Design and Implement an Azure Storage Strategy

3/11/2015

Contents

Objective 4.1: Implement Azure Storage blobs and Azure files
Objective 4.2: Implement Azure Storage tables
Objective 4.3: Implement Azure storage queues
Objective 4.4: Manage access
Objective 4.5: Monitor storage
Objective 4.6: Implement SQL databases
Answers

Objective 4.2: Implement Azure Storage tables

Azure Storage is a non-relational (NoSQL) entity storage service on Microsoft Azure. When you create a storage account, it includes the Table service alongside the Blob and Queue services. Table services can be accessed through a URL format. It looks like this:

http://<storage account name>.table.core.windows.net/<table name>.

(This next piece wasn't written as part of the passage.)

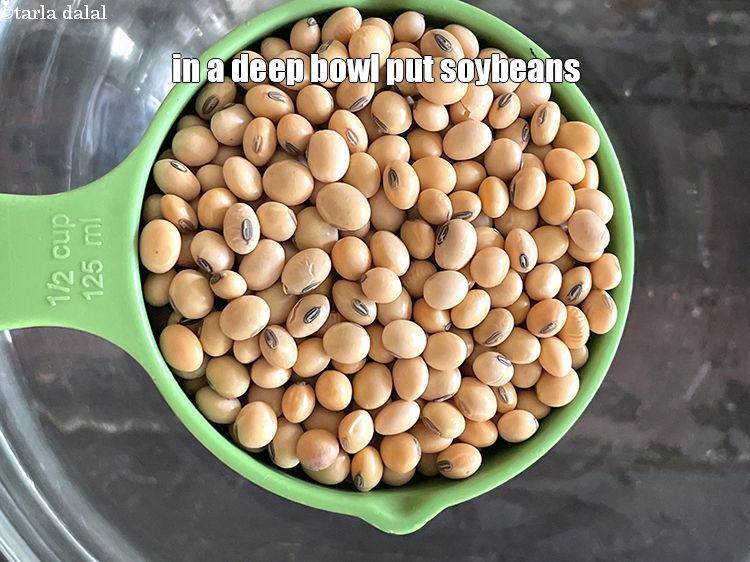 स्टेप 4 – १/२ कप&nbsp;<a href=""https://www.tarladalal.com/glossary-soybeans-soy-soyabeans-hindi-616i"">सोयाबीन</a>&nbsp;को&nbsp;&nbsp;एक गहरे बाउल में&nbsp;डालें&nbsp;।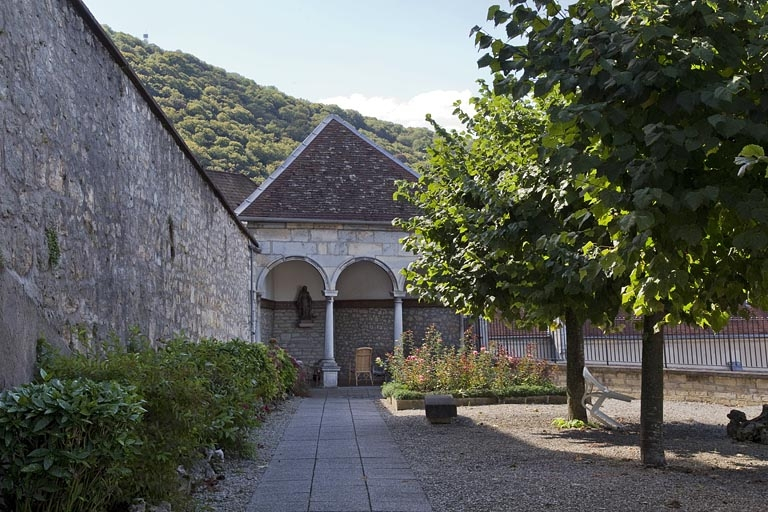 Vue d'ensemble éloignée de la fabrique de jardin. © Yves Sancey / Région Bourgogne-Franche-Comté, Inventaire du patrimoine - 2011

There are many forms of NoSQL databases:

Key-value stores that organize data with a unique key per record and often allow for jagged entries where each row might not have a complete set of values.
Document databases that are similar to key-value stores with semi-structured, easy-to-query documents. Usually, information is stored in JavaScript Object Notation (JSON) format.
Columnar stores that are used to organize large amounts of distributed information.
Graph databases that do not use columns and rows; instead, they use a graph model for storage and query, usually for large amounts of highly distributed data.

Table storage is a key-value store that uses a partition key to help with scale out distribution of data and a row key for unique access to a particular entry. Together, these keys are used to uniquely identify a record in the account.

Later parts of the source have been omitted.